I'm trying to fix a server that won't boot with all four of its CPUs installed. It is a Primergy RX600 R6. It will boot fine with CPU 1 and 3 in their sockets, but if I plug in sockets 2 and/or 4, the machine refuses to boot. Gives the error "PSU Pctrl Fail 31.12.2018 15:59:25" and switches itself back off.
I've actually got three machines that all do this same problem. No matter what I try, nothing will make it boot with the four CPUs in. Have swapped parts to the point everything has been replaced. New PSUs, New mobo, new CPUs and new memory risers. I thought maybe some of the DIMMs are bad, but after testing each module in the known working 2 CPU configuration, I'm less inclined to think there's anything wrong with them. All the RAM will work to make the two CPU setup boot, but with the four CPUs, it gives that same PS Pctrl error every time, even with the minimum of RAM installed.
To walk you through what happened, there was a power event on one of our RX600 R6 units. The board got fried by a failing PSU. We replaced the entire unit, swapped over the DIMMs and CPUs from the dead one, and that's where the problem of not booting all four CPUs started. We thought maybe the CPUs were damaged, so we put all new ones in. Still the same error. Systematically replaced every part that had formerly been in that damaged unit, to the point the new machine had all new risers and CPUs. Still the same error. So we tried using another machine. Still the same error.

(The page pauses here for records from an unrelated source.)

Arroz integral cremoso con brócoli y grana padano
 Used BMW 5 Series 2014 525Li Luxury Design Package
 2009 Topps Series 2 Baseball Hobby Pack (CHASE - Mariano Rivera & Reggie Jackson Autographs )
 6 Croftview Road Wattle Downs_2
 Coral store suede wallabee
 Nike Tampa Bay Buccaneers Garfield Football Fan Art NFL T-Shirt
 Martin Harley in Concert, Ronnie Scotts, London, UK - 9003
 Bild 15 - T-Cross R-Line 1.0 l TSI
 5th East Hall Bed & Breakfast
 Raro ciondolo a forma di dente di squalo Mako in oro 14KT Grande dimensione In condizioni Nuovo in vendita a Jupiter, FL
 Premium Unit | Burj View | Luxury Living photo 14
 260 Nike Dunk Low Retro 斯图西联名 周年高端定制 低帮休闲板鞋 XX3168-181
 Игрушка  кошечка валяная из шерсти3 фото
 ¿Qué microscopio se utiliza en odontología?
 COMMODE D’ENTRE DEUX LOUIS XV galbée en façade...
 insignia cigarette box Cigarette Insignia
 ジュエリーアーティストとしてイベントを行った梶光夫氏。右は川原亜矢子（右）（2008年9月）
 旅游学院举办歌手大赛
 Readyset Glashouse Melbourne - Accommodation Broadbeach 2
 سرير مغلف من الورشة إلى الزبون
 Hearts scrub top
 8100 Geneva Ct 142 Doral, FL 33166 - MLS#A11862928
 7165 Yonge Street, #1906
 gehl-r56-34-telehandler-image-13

At this point, I was of the opinion that one of the DIMMs was bad, probably damaged in the electrical event. With the machine booting in its working two CPU configuration, I tested each DIMM module, but it booted with no problem. So now I'm at a loss. There doesn't seem to be any option in BIOS to enable those extra CPUs, and I can't even load BIOS with all of them in place. I know it's a longshot, but does anyone have any idea what I might have missed? Seems odd for an issue to be this persistent, and happen on so many different machines. The only commonality are the memory modules, which are from the machine that had the initial problem. Given that they all test as working, I'm not sure what else could be preventing the server from getting past POST.